### Data listing
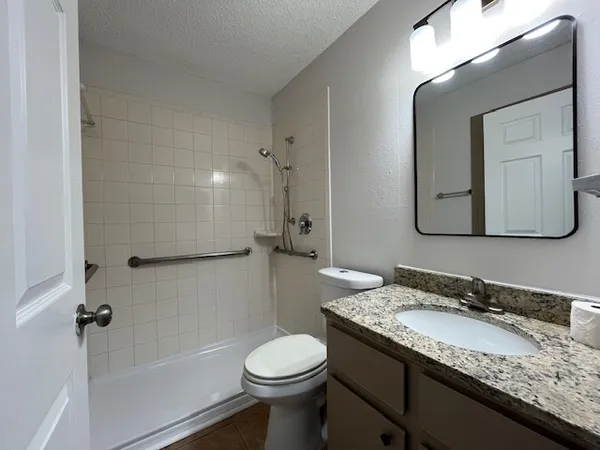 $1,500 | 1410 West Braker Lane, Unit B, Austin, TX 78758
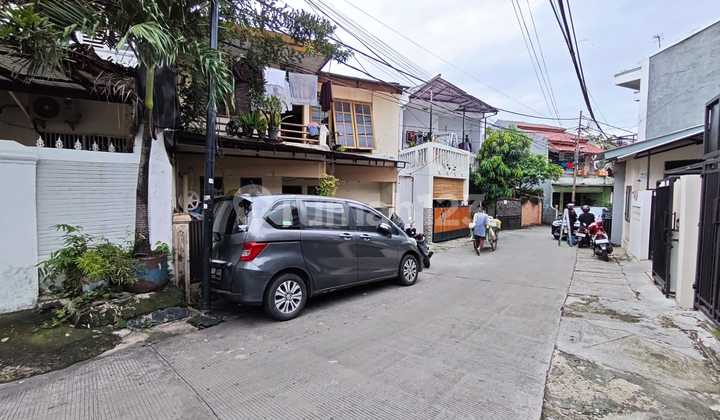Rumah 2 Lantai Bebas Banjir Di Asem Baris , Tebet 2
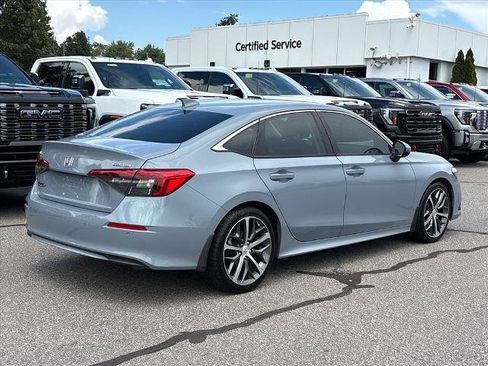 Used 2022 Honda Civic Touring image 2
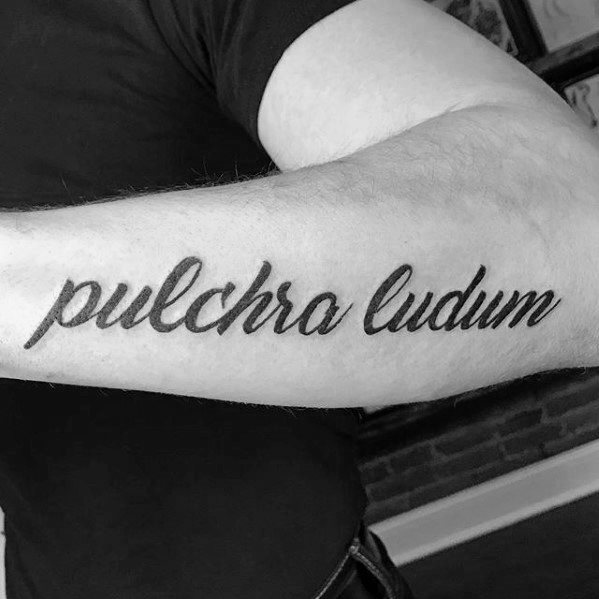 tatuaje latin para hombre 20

==

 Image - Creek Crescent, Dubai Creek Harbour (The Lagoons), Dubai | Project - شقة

---

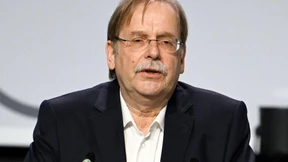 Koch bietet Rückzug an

### About this task
What's needed is an exact copy of the records above from the line containing "Used 2022 Honda Civic Touring image 2" down to the line containing "tatuaje latin para hombre 20", both included, without any pictures.

### Reply to the exercise
 Used 2022 Honda Civic Touring image 2
 tatuaje latin para hombre 20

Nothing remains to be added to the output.